More blood. Great. At least it's warm.

I fall to my knees, my hands again finding the powdered cold stone and sending a surge of pain through my shoulder as I grip at the new wound above my waist on my right side. I actually want to feel the pain—to focus on it instead of thinking about the smell ...

God, the smell. What is that? Did somebody die in here? It's even stronger here by the floor. Stand up. Move away from it.

I move back toward the girl, crawling and then forcing my body into standing. She's stopped screaming now. Even with her starlit skin, I still can't see well enough to find her face until I'm only a few feet away.

Christ, her face. What the hell has he done to her?

She's standing now—completely still as if unaware of the cold. She's wearing shoes—or, no ... maybe her feet are just that dirty.

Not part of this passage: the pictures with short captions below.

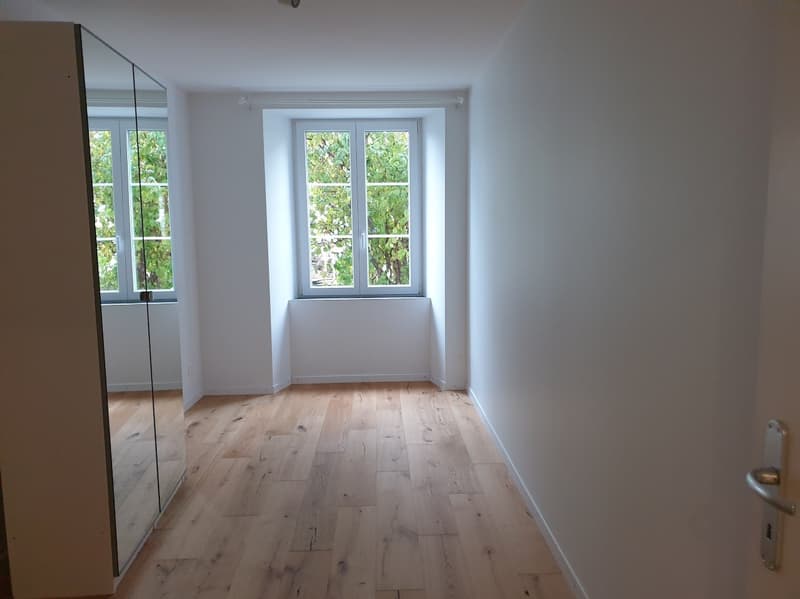empty room, wooden floor, white walls, two windows, mirror
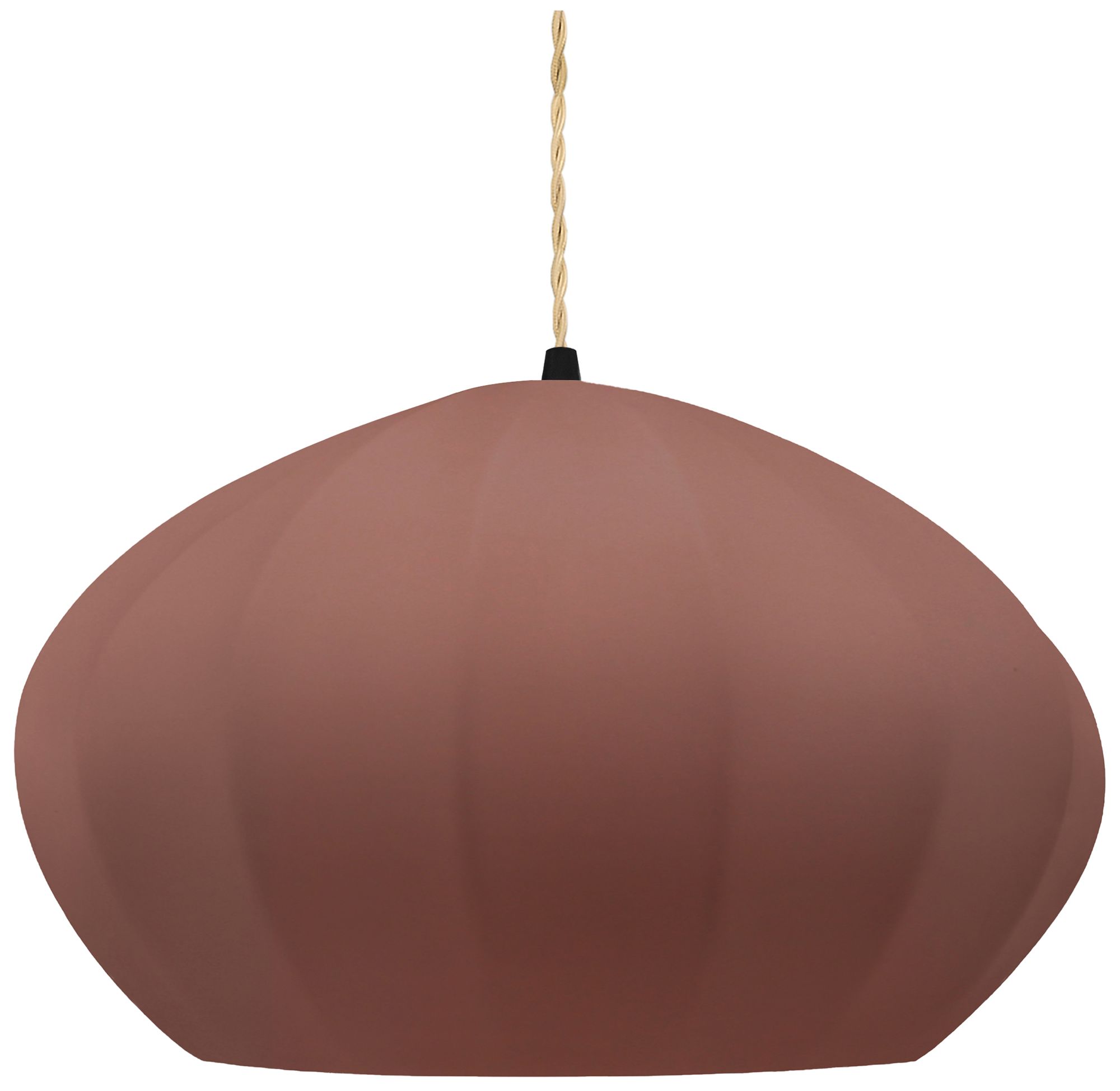 Image 2 Radiance Fluted 13" Wide Canyon Clay Pendant With Beige Twist Cord more views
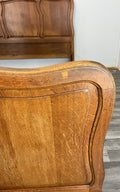 Bed Vintage French Louis XVI Double Bed Frame Oak Carved Headboard LOT 47044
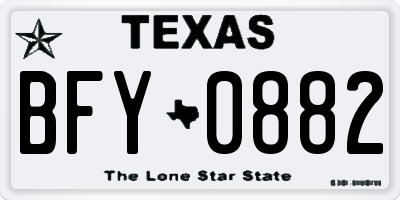 TX license plate BFY0882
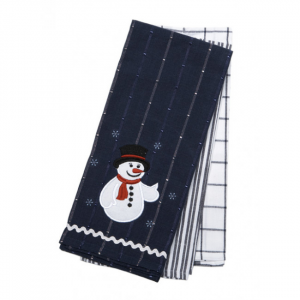 Set Of 3 Snowman; Stripes And Check Pattern Tea Towels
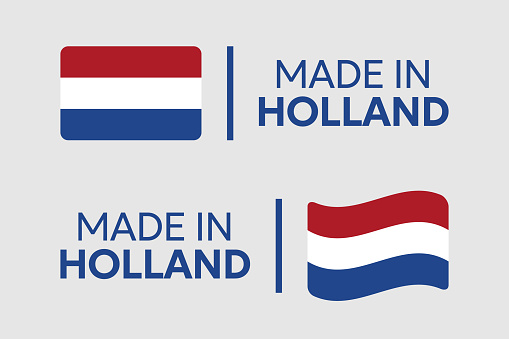 made in Holland icon set, Netherlands product labels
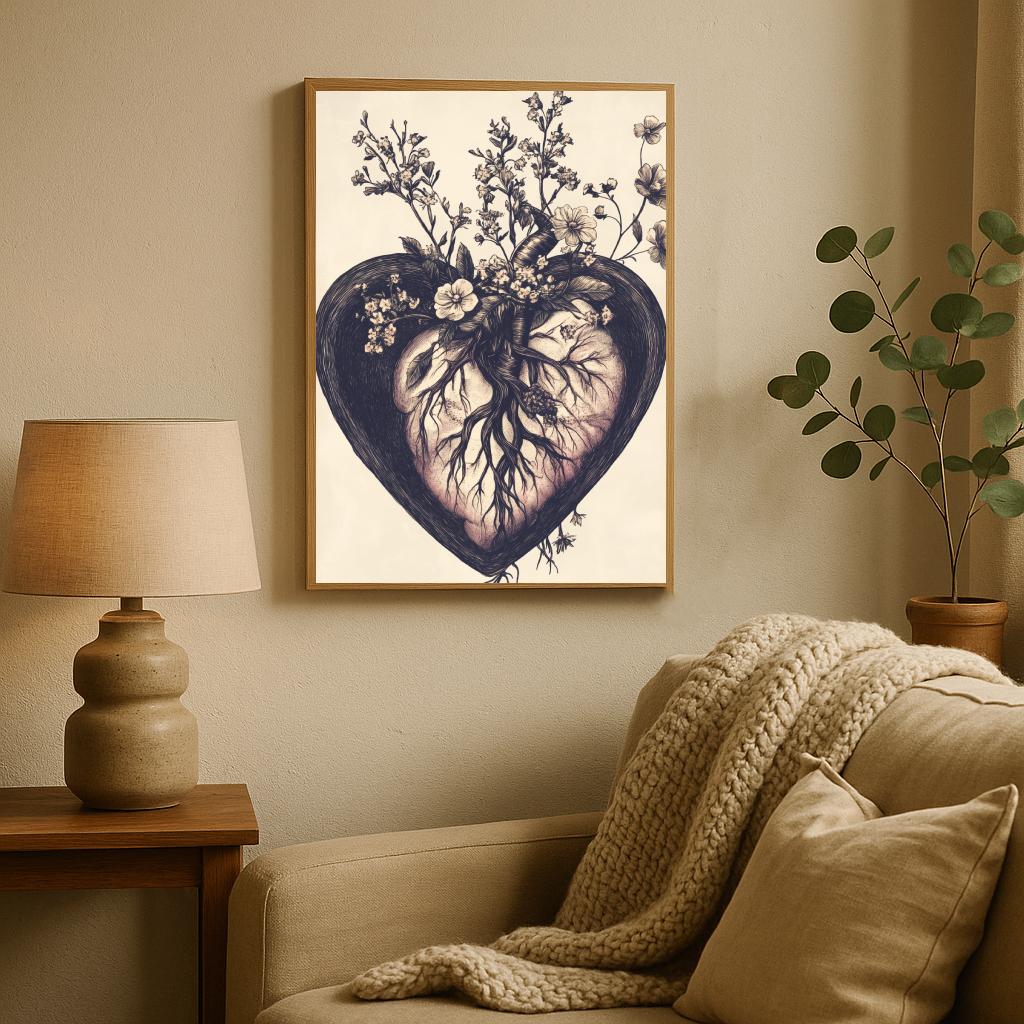 Heart Flowers Art poster sfeerbeeld 2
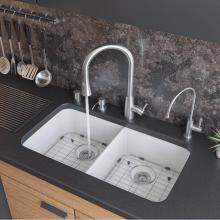 Alfi Trade AB512UM-W - 32 inch White Double Bowl Fireclay Undermount Kitchen Sink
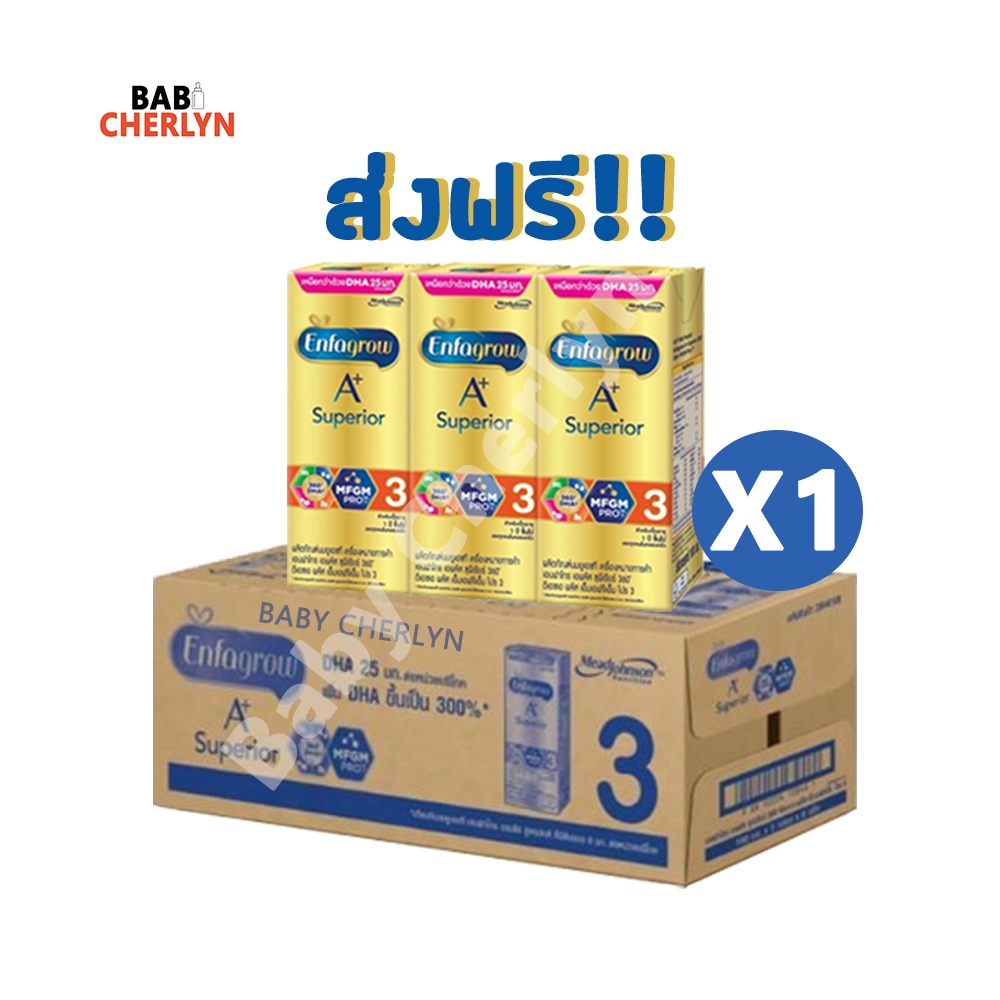 ส่งฟรี! Enfagrow A+ Superior สูตร 3 4 เอนฟาโกร เอพลัส ซุพีเรียร์ 360 กล่องสีทอง รสจืด180 มล 24 กล่อง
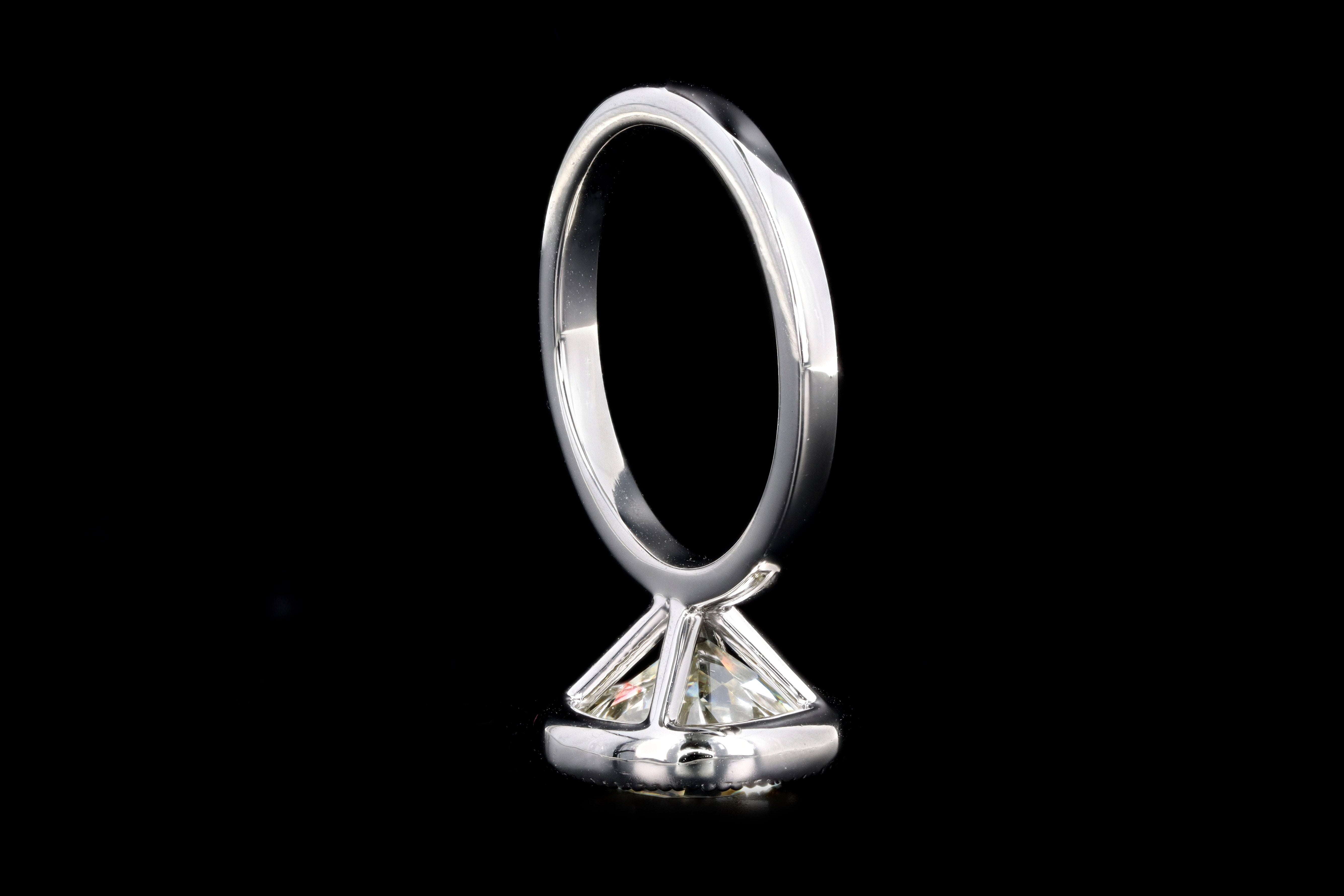 New Platinum 4.52 Carat Old European Diamond Bezel Engagement Ring - Queen May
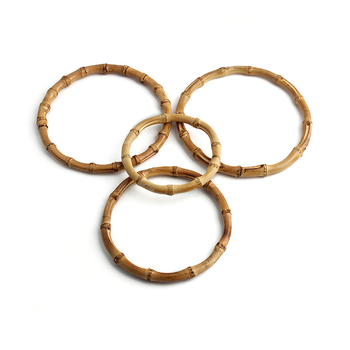 Кръгла бамбукова халка с реална бамбукова дръжка за тъкани чанти — аксесоари за багаж, солиден цвят, водоустойчива, изключително лек, разширяваща се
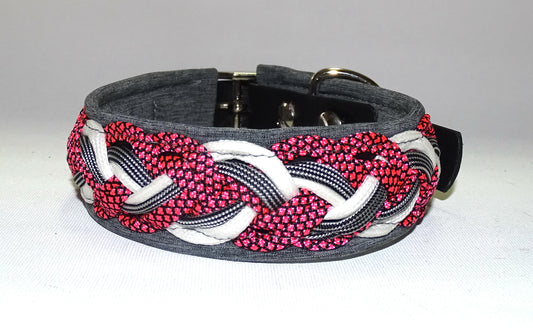 Paracordhalsband gepolstert Pink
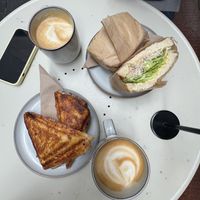 the chicken mayo sandwich and the harissa chicken toastie with 2 lattes   at Union Kiosk in Melbourne
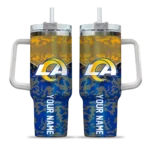 customized los angeles rams chevron stripe blue curved tumbler best selling.webp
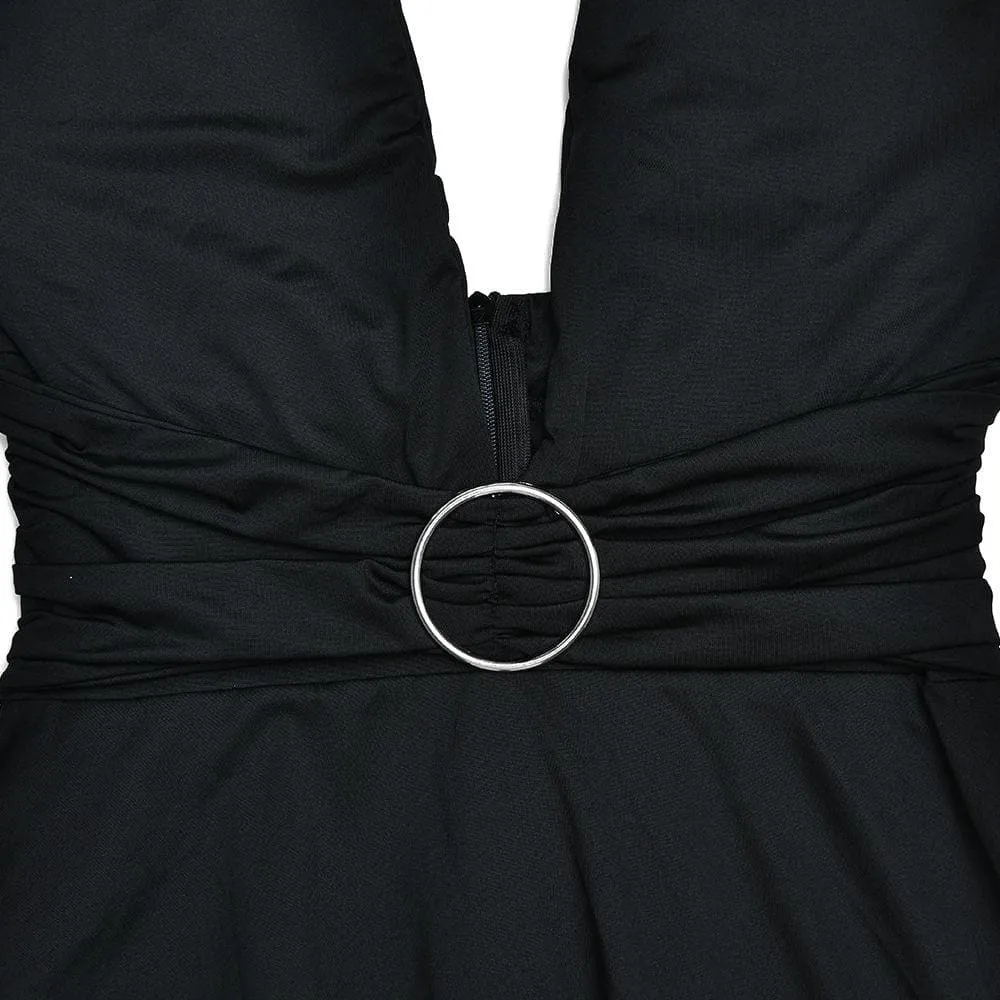 BerriesJam - Halter O Ring V Neck Backless Solid Midi Dress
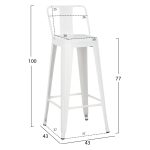 ΣΚΑΜΠΟ BAR ME ΠΛΑΤΗ ΜΕΤΑΛΛΙΚΟ MELITA-PRO HM8643.41 ΛΕΥΚΟ ΜΑΤ 42x42x100Υεκ. - Image 2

Her legs are exposed below her knees. She's wearing a dress. How is she not frozen solid? Her arms are bare too, and she's wearing what appear to be gloves. (More dirt.) Her hair dangles in knotted curls of dust and cobwebs and something that I can only assume is dried blood. The strands don't cover enough of her face for me not to see all of the deep lines of red—the openings in the skin around her cheeks, forehead, and under her chin. She looks like someone tried to carve her into a million pieces.

My eyes fall, seeing that her arms and legs are striped in places as well.

I start shaking, but not from the cold this time.

"Who are you? What are you doing here?" she asks in a whisper of a voice that sounds as broken as her body.

"I'm ... Hailey." I try to force myself to stop shaking, but it only makes it worse. "I'm ... I don't—I was brought here. I'm not sure ..." I say, trailing off. I start to wonder how she sees me and if I appear as bright to her as she does to me. "You're Lauren, right?"

She doesn't answer.

"They talk about you on the news," I say, whispering to match her tone in case she was doing it to keep him from listening. "They call you the missing girl."